+++ EXERCISE MATERIAL

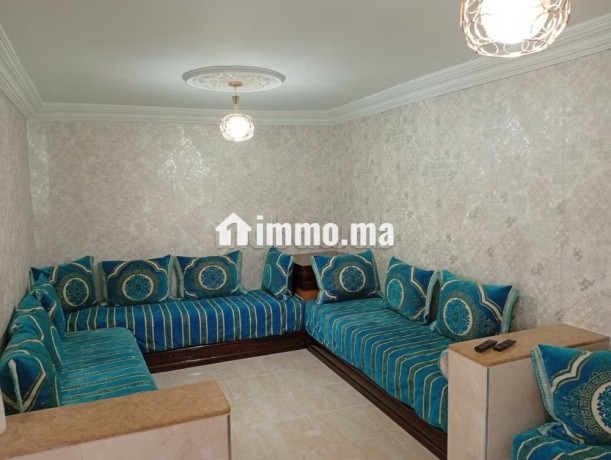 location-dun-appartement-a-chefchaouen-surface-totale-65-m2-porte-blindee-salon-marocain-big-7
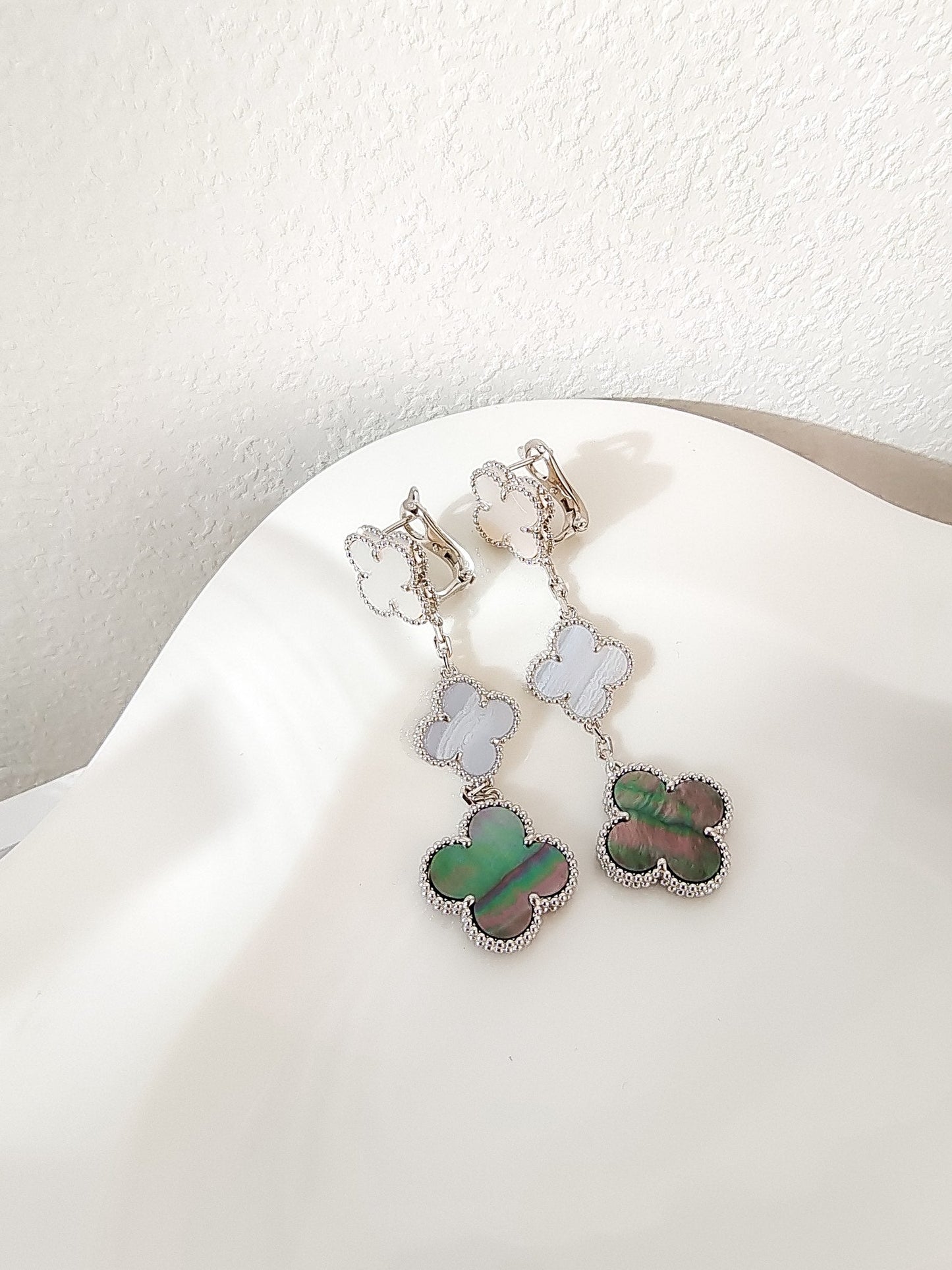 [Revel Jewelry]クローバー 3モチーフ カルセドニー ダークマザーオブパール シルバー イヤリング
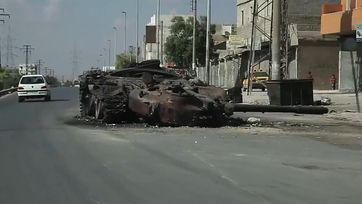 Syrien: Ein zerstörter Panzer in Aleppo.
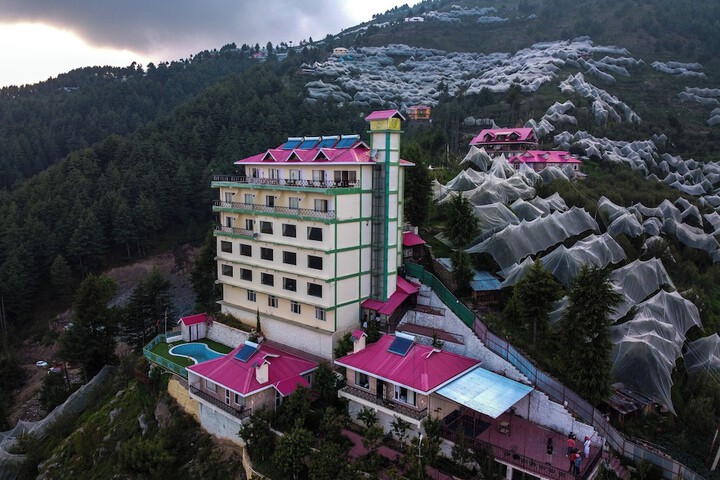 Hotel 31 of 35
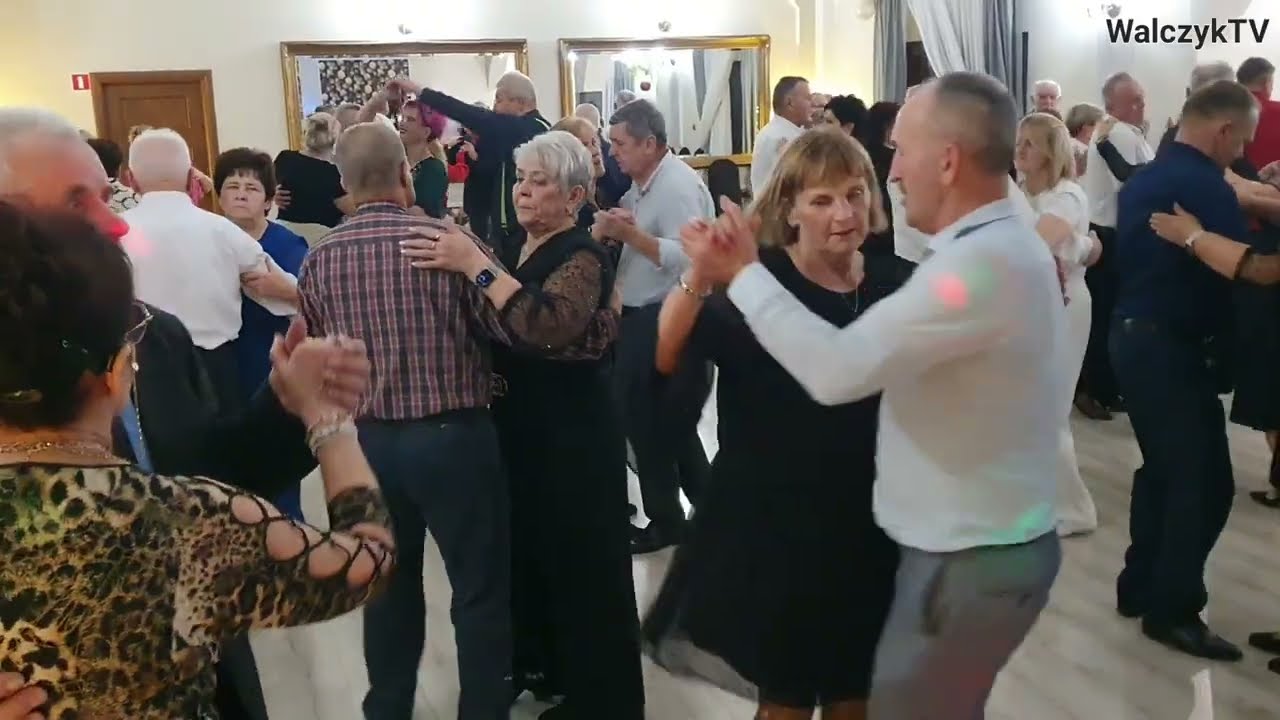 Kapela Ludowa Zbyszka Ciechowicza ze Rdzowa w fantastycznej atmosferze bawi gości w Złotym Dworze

++++++

The pictures in the listing above are to be dropped, and everything else reproduced exactly.

 location-dun-appartement-a-chefchaouen-surface-totale-65-m2-porte-blindee-salon-marocain-big-7
 [Revel Jewelry]クローバー 3モチーフ カルセドニー ダークマザーオブパール シルバー イヤリング
 Syrien: Ein zerstörter Panzer in Aleppo.
 Hotel 31 of 35
 Kapela Ludowa Zbyszka Ciechowicza ze Rdzowa w fantastycznej atmosferze bawi gości w Złotym Dworze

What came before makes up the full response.